Como se não fosse suficiente, os políticos de plantão resolveram agir. Querem criar uma CPI do MST. Talvez, torne-se a primeira CPI sem pizza.

É realmente cômico ver determinados senadores e deputados federais esbravejando contra o MST e buscando coletar assinaturas que sejam suficientes para se instalar mais uma CPI. Ao invés de CPI do MST porque não fazer CPI das terras griladas no Brasil, CPI das Capitanias Hereditárias, CPI do Latifúndio, CPI do Agronegócio etc. Mas porque novamente essa onda de vexatória pública contra o MST? Porque o MST representa a última esperança contra o modo de produção capitalista. Trata-se de um movimento social que ainda acredita no socialismo como alternativa política e organizativa e que defende outro projeto de sociedade para o Brasil. Diante disso, as vozes enfurecidas dos representantes políticos e empresariais do agronegócio resolveram partir para o confronto.

O que realmente está em jogo nesta questão? Para os latifundiários, colocar um fim ao MST e restabelecer a ordem social pensada pelos defensores da propriedade privada que é um dos alicerces do modo de produção capitalista. Para o MST, promover a luta de classes e buscar politicamente outro tipo de sociedade, baseada na eqüidade e na justiça histórica e social. Trata-se de uma luta entre os proprietários dos meios de produção e os proprietários da força de trabalho, ou seja, uma luta entre burguesia latifundiária e proletários camponeses.
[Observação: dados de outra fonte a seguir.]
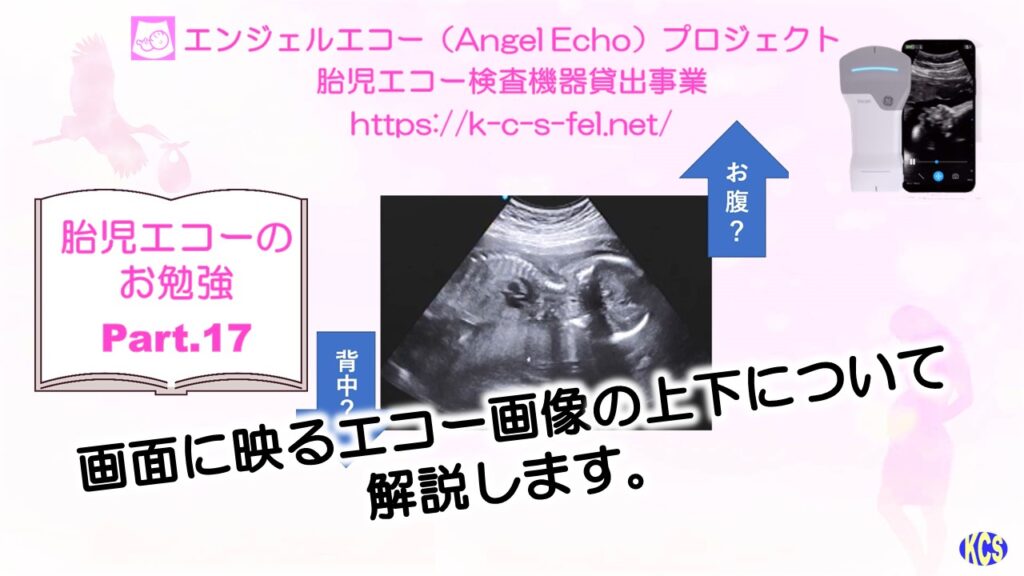 エコーのお勉強17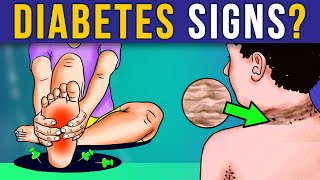 Crucial Alerts: 7 Diabetic Symptoms You MUST Recognize ASAP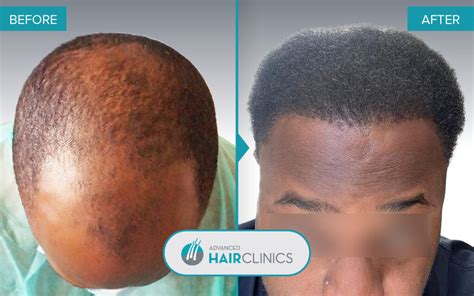 FUE Hair Transplant Before And After Results | Advanced Hair Clinics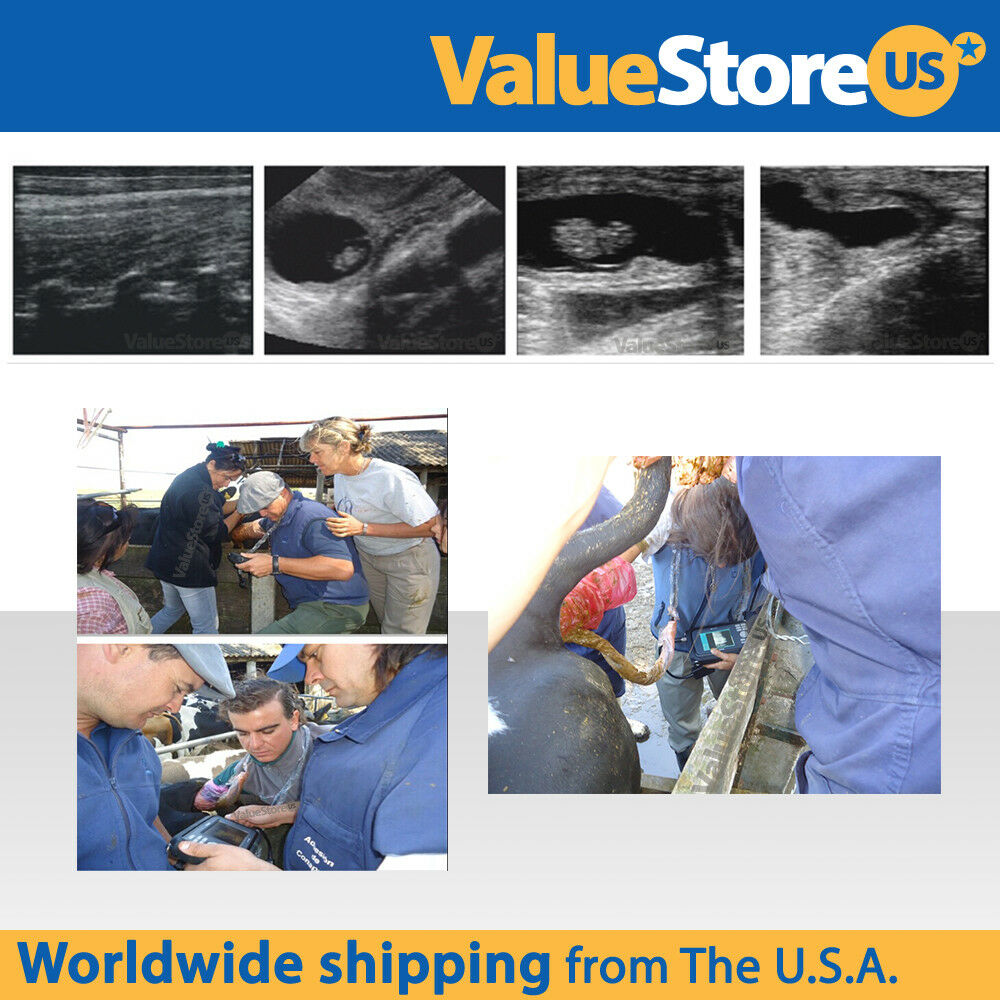 Portable Ultrasound Scanner V16 with 3.5 MHz Convex & 7.5 MHz Rectal Probe DIAGNOSTIC ULTRASOUND MACHINES FOR SALE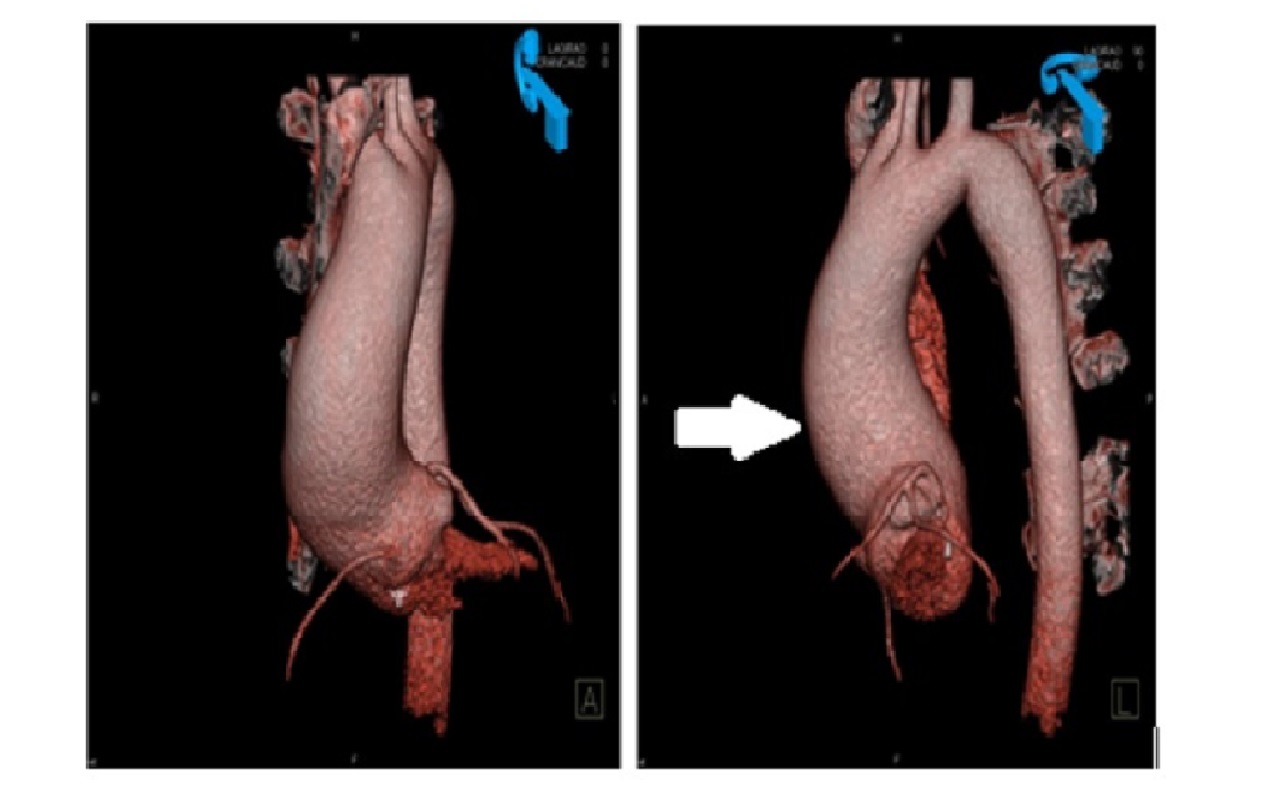 Tętniak aorty wstępującej (strzałka) uwidoczniony w badaniu angio-CT aorty.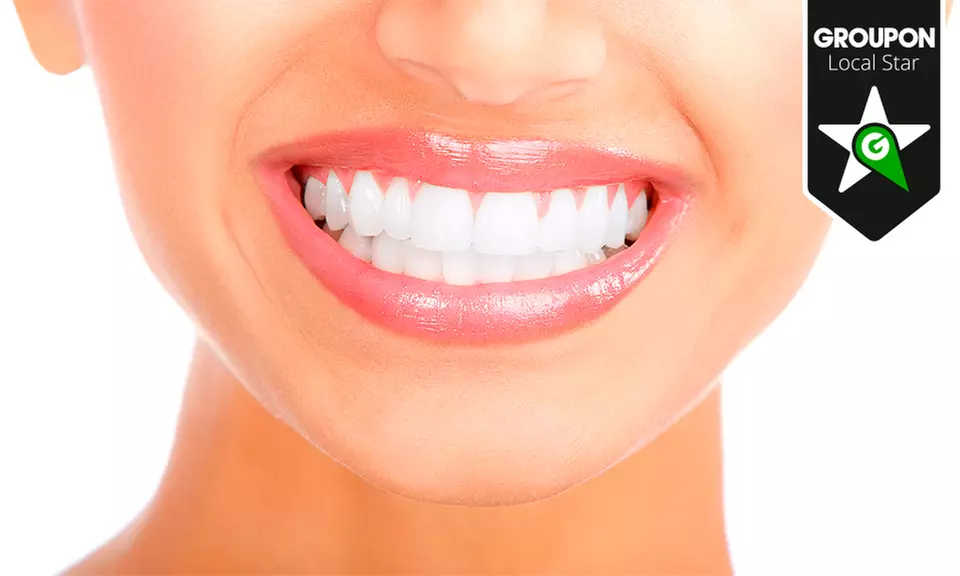 Limpieza bucal por 12,90 € y con 1 o 2 sesiones de blanqueamiento desde 59,90 € - Primary Image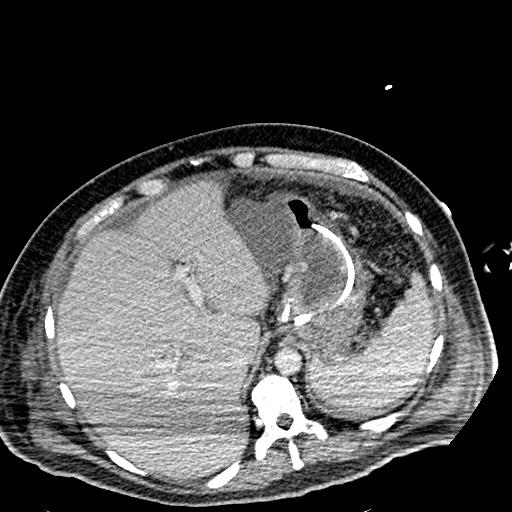 File:Acute pancreatic necrosis (Radiopaedia 13560-18501 Axial C+ portal venous phase 24).jpg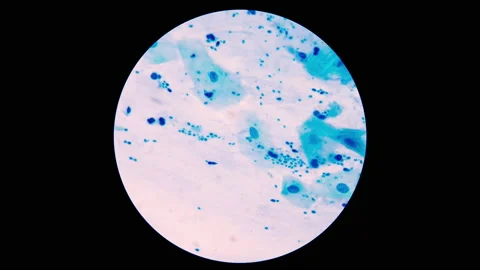 AFB Negative and Positive in stop motion footage. Stock Footage 200409111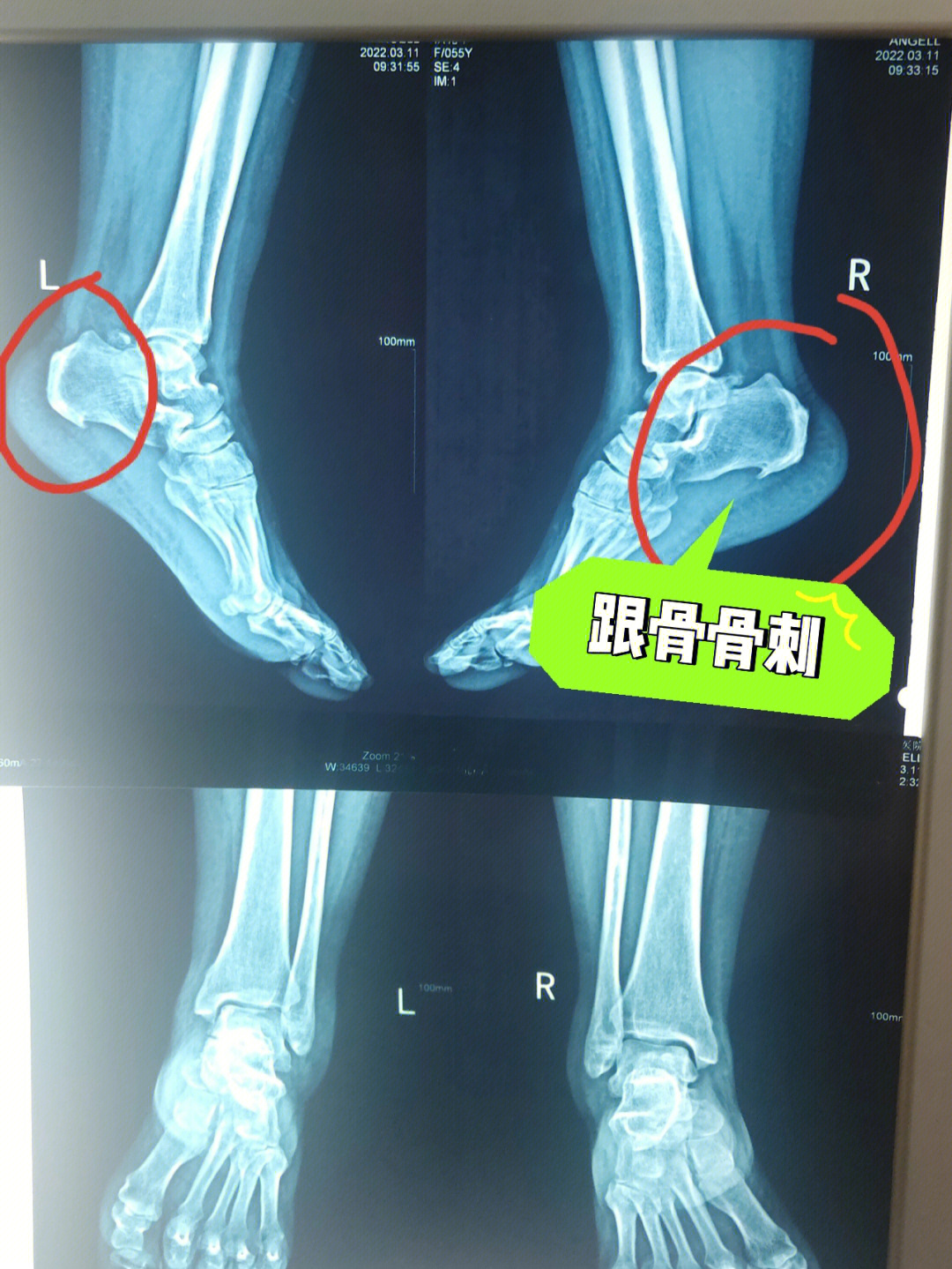 跟骨骨刺针刀动画演示图片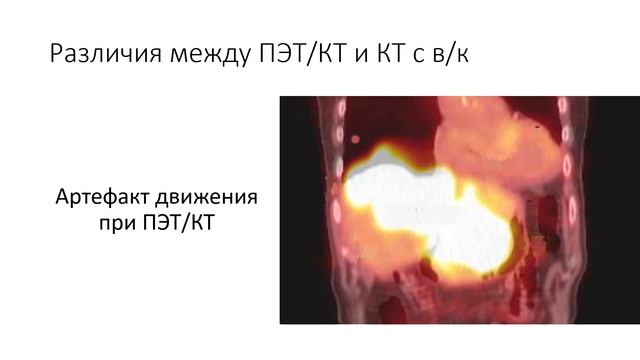 ПЭТ/КТ против КТ. Какое исследование лучше?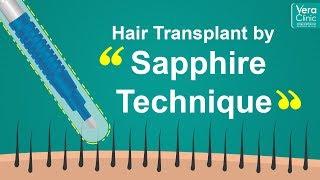 Hair Transplant by Sapphire Technique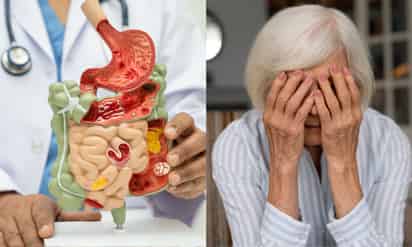 Quienes padecen trastornos intestinales tienen el doble de probabilidad de tener Alzhéimer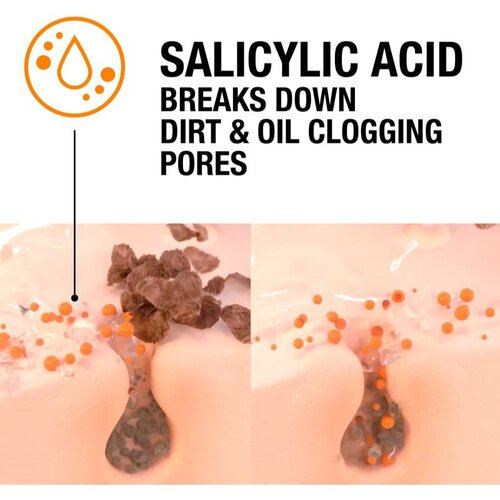 Neutrogena Blackhead Eliminating 2% Salicylic Acid Face Scrub piling protiv crnih točkica 150 ml unisex Slike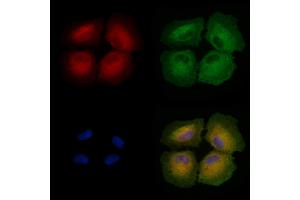 ABIN6258498 and ABIN6274470 staining  cells by IF/ICC. (ORCTL-2/SLC22A18 Antikörper  (C-Term))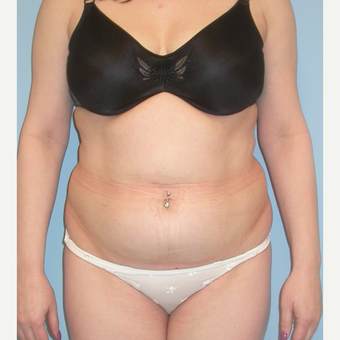 35-44 year old woman treated with Tummy Tuck before 3053539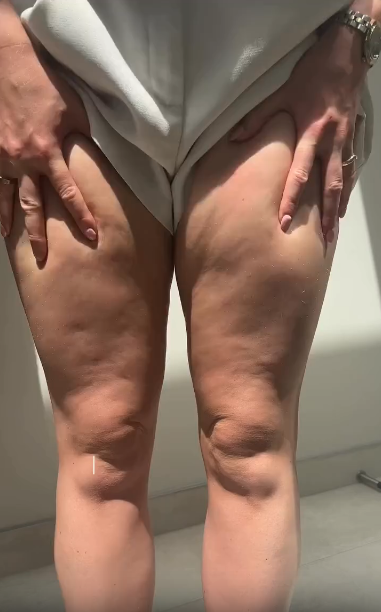 Before and after using Tonee Skin Thigh Tape showing visibly smoother, firmer legs with reduced cellulite appearance.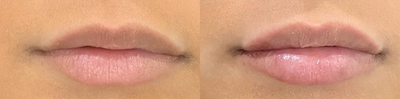 Lip Fillers before and after photo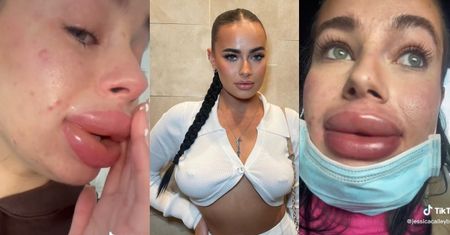 Influencerka powiększyła usta w barterze. Po zabiegu omal nie EKSPLODOWAŁY: "Najgorszy dzień w moim życiu" (FOTO)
A instalação da CPI evidenciará que a classe dominante dos coronéis, dos fazendeiros, dos donos do poder é que realmente comandam as relações de capital e trabalho na sociedade brasileira. Provavelmente, a CPI se instalará por mais que o Planalto não queira. Mas não será a CPI do MST, pelo contrário, será a CPI da barbárie que tenta há muito tempo encontrar um bode expiatório que pague todos os erros cometidos pela desordem que existe. Com certeza não se tocará no assunto dos massacres, dos assassinatos, das grilagens de terra (grilagem de terra pode, derrubar laranjas não pode), da pistolagem no campo que se tornaram verdadeiras milícias nas mãos dos fazendeiros (alguns deles estão no próprio Congresso e farão parte da CPI). Não se falará sobre reforma agrária, a questão primordial é simples e prática: condenar o MST.

Contudo, ainda acredito que a história nos mostra caminhos. Poderão condenar o MST. Poderão tentar matá-lo. Mas ele ressurge sempre mais forte quando episódios como das laranjas acontece. De Pilatos a Hitler, de Hitler ao nosso fardo tempo histórico, todos tentaram calar a voz pedagogicamente profética dos contrários à barbárie. Não será dessa vez que deixará de surgir outras vozes no interior do próprio MST. Para mim, a questão é tão complexa que apresenta, talvez, uma única certeza, já que as incertezas estão mais presentes neste debate dos contraditórios. Por isso, concordo com o velho Cazuza e parafraseando-o afirmo: Essa burguesia latifundiária fede continua promovendo a barbárie.